To make matters worse, much of the news is being spread via private WhatsApp groups, which are extremely difficult to track. But rumors are still spreading like wildfire. As Buzzfeed News noted, over the past weekend during the first round of voting, Bolsonaro supporters shared the fake story that they would be turned away from polling stations if they wore merchandise supporting the candidate. The story was one of the five most shared across 350 public groups.

The Brazilian election, which comes to a close on the 28th of October in the second-round of voting between Bolsonaro and Haddad, has been the most contentious in the nation’s 30-year democratic history, with stories repeatedly emerging about confrontations between Bolsonaro and Haddad supporters, as well as between Bolsonaro supporters and the press. On Monday, a capoeira instructor was stabbed to death after allegedly arguing with a Bolsonaro supporter.

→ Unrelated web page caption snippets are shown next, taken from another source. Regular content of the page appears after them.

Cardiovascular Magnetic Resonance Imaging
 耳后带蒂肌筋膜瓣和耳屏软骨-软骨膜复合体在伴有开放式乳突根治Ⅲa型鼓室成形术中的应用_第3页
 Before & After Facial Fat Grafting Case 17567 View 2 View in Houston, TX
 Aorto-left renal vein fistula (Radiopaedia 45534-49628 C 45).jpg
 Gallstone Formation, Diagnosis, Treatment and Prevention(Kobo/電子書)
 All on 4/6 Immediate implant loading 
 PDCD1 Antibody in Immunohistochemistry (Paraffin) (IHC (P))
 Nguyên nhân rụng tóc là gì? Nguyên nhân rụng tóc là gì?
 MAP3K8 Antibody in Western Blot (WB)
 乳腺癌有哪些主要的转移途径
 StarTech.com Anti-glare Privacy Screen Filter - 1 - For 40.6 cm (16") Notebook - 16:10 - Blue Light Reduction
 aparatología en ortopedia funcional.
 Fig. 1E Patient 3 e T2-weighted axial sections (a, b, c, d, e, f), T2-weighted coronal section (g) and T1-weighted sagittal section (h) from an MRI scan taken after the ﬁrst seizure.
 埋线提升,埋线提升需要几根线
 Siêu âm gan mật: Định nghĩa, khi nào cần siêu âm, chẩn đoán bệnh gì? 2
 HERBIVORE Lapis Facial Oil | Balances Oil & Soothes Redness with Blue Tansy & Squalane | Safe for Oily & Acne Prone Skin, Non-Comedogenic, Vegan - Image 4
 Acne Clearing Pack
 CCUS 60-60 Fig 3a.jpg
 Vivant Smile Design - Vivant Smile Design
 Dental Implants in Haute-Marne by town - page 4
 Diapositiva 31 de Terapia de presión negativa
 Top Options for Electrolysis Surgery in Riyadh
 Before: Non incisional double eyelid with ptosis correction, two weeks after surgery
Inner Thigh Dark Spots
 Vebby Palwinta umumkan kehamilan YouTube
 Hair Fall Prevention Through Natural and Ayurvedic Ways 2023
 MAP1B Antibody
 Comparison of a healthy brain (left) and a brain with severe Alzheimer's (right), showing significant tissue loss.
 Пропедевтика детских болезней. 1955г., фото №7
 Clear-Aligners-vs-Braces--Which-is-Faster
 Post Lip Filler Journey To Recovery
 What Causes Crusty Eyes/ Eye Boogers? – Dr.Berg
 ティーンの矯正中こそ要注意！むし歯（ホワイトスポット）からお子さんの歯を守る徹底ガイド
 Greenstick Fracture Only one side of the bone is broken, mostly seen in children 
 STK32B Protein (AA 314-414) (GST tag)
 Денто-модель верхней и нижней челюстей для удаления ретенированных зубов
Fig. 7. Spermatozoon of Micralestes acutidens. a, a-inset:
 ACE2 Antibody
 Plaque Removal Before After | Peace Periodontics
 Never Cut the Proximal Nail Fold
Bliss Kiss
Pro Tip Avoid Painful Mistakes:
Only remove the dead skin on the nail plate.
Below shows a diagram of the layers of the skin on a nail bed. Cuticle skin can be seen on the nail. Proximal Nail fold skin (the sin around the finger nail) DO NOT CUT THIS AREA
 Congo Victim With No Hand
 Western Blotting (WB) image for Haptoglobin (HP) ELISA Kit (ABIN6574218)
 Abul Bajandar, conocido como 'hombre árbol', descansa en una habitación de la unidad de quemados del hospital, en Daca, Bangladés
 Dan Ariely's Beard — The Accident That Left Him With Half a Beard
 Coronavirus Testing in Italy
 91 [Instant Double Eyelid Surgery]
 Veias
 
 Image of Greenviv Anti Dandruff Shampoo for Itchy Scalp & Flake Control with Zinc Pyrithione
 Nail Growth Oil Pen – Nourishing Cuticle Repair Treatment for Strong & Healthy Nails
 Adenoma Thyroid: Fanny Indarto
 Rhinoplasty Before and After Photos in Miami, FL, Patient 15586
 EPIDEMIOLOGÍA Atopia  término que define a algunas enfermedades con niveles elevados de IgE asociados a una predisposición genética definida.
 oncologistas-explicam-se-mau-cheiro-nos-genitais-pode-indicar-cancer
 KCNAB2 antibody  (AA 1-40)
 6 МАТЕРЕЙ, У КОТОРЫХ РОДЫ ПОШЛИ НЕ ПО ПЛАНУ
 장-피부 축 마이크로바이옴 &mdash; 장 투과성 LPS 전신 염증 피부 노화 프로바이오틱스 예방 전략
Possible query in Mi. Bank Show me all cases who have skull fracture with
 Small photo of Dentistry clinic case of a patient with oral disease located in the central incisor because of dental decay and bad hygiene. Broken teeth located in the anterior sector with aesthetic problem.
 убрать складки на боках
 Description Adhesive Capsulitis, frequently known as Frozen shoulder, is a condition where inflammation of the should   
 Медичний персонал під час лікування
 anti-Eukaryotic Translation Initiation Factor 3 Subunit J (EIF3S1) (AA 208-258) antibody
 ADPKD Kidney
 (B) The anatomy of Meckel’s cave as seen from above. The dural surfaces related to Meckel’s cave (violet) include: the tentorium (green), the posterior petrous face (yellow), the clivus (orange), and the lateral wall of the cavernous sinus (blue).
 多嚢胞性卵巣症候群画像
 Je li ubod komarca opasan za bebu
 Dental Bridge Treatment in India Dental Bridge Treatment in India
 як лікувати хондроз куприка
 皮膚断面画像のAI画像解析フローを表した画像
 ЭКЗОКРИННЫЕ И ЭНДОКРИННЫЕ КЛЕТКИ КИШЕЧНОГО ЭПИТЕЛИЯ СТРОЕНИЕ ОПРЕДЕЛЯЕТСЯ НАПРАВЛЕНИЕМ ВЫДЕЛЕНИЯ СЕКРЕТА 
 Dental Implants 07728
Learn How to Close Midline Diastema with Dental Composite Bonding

A major driving force for the tension has been Bolsonaro’s own far-right rhetoric and promises. A former army paratrooper, he’s praised the military dictatorship which led the country up until 1985, and previously labelled a congresswoman too ugly to rape. Bolsonaro has also promised to give Brazil’s already notoriously-deadly security forces an even freer reign to kill anyone suspected of being a criminal, open up the entirety of the Amazon for mining and logging and withdraw from the Paris Climate Agreement. Naturally then, this means that the financial elites in Brazil are willing to throw their support behind him.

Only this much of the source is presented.